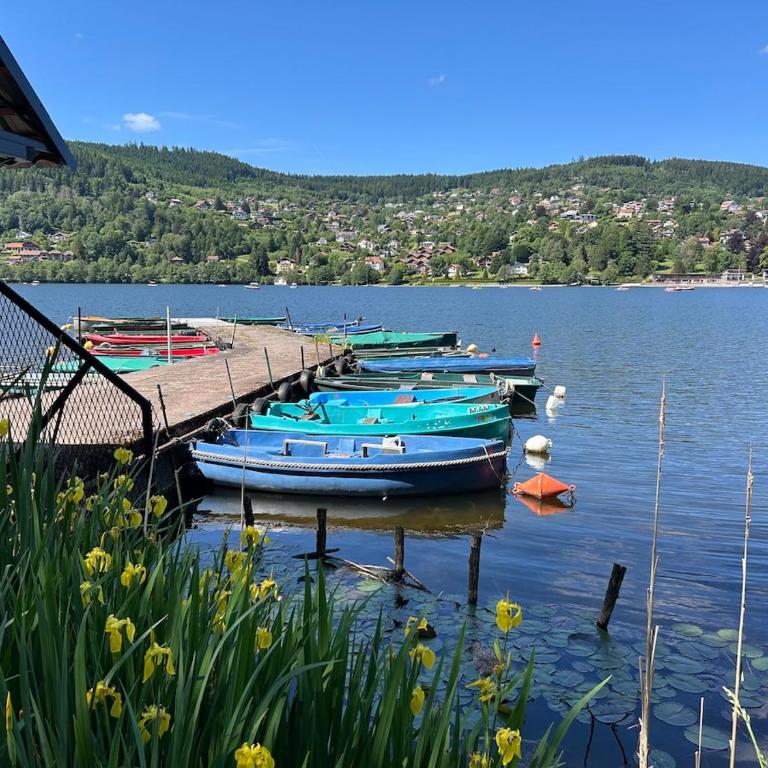 Domaine Coup de Cœur - Le Belvédère du Lac - Appartement - Vue sur Lac - 19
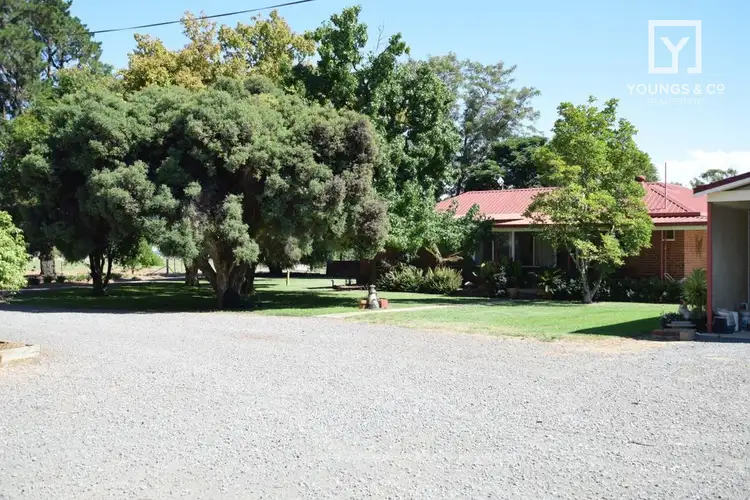 400 Tank Corner East Road, Pine Lodge VIC 3631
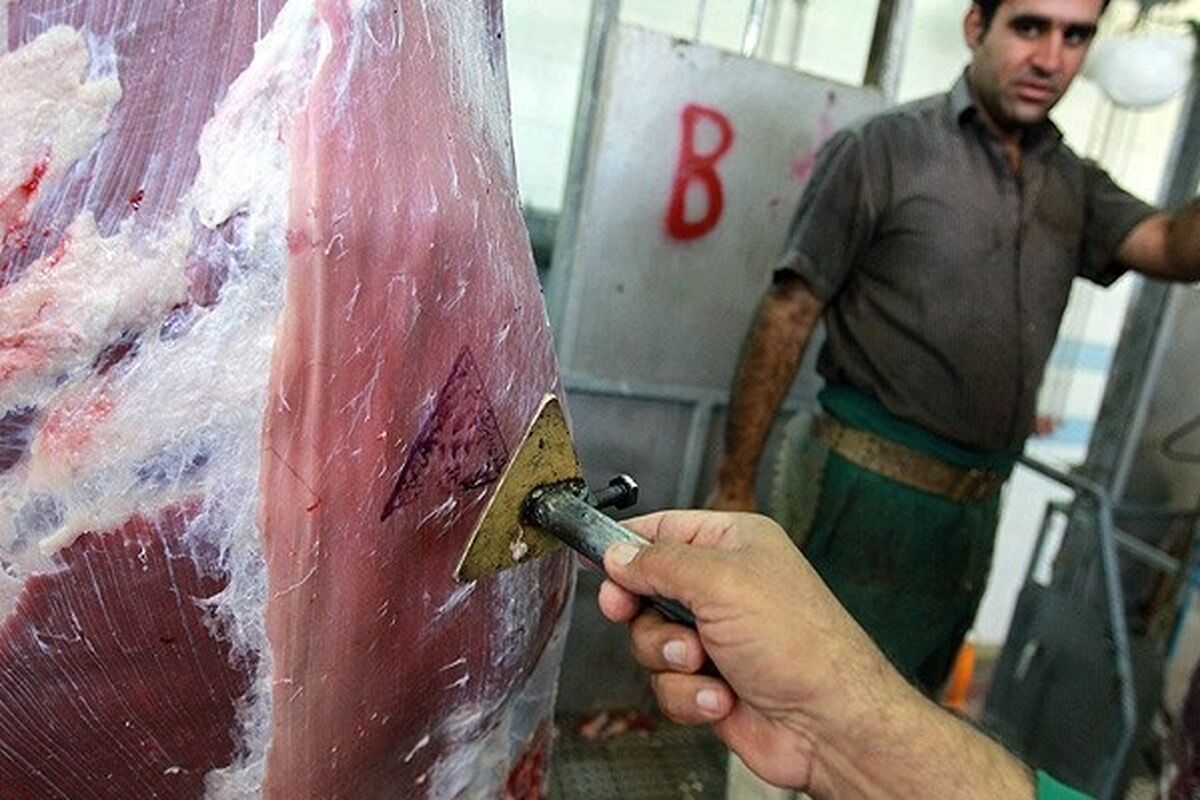 گوشت‌های خیابانی می‌توانند بزرگ‌ترین عامل شیوع کریمه کنگو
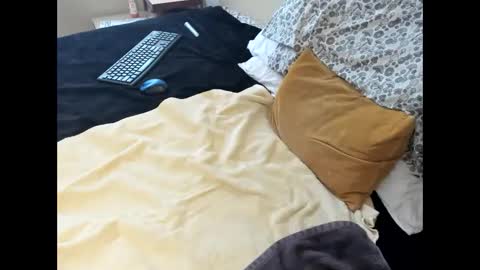 p guin12345 online show from 02/22/26, 04:05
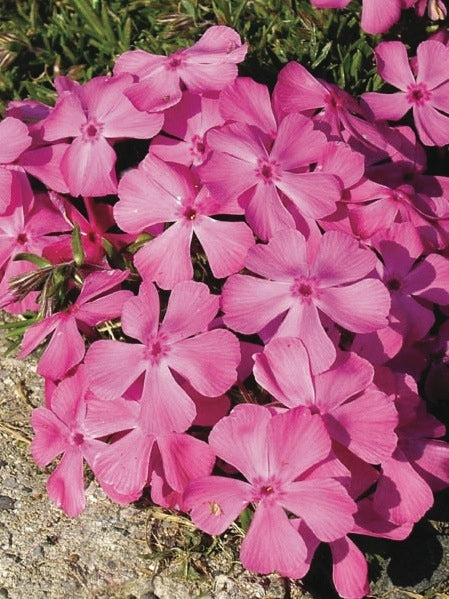 Phlox subulata 'Drummond's Pink' (Moss Pinks)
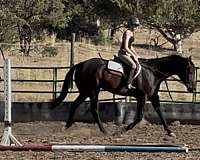 western-showing-horse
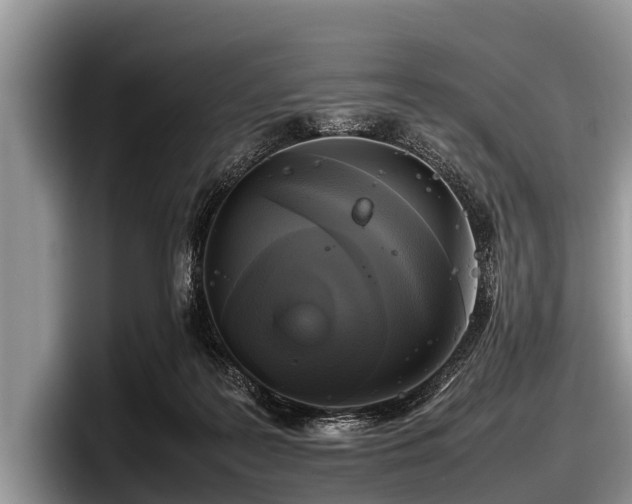 X0000097860219200803211301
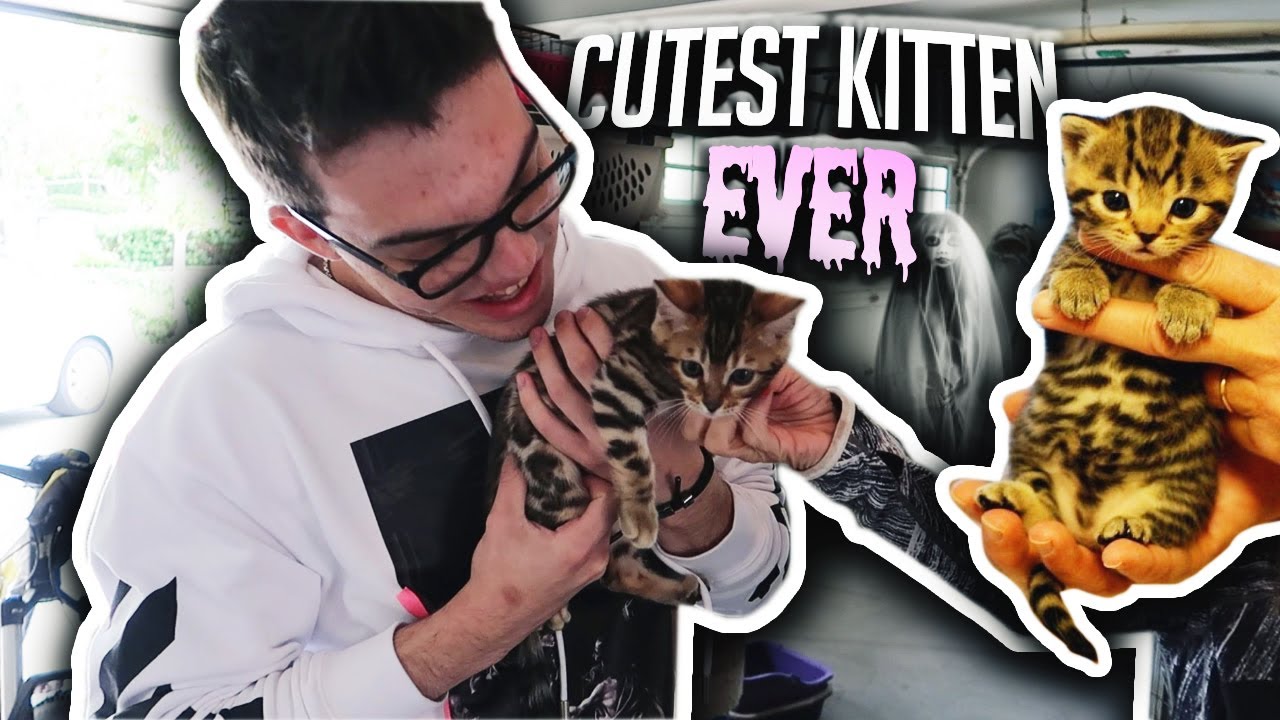 THE NEW FAZE HOUSE PET!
■ ■ ■ ■ ■ ■ ■
What is expected:
Every record above should be duplicated precisely, with the images removed.

Your response:
 Domaine Coup de Cœur - Le Belvédère du Lac - Appartement - Vue sur Lac - 19
 400 Tank Corner East Road, Pine Lodge VIC 3631
 گوشت‌های خیابانی می‌توانند بزرگ‌ترین عامل شیوع کریمه کنگو
 p guin12345 online show from 02/22/26, 04:05
 Phlox subulata 'Drummond's Pink' (Moss Pinks)
 western-showing-horse
 X0000097860219200803211301
 THE NEW FAZE HOUSE PET!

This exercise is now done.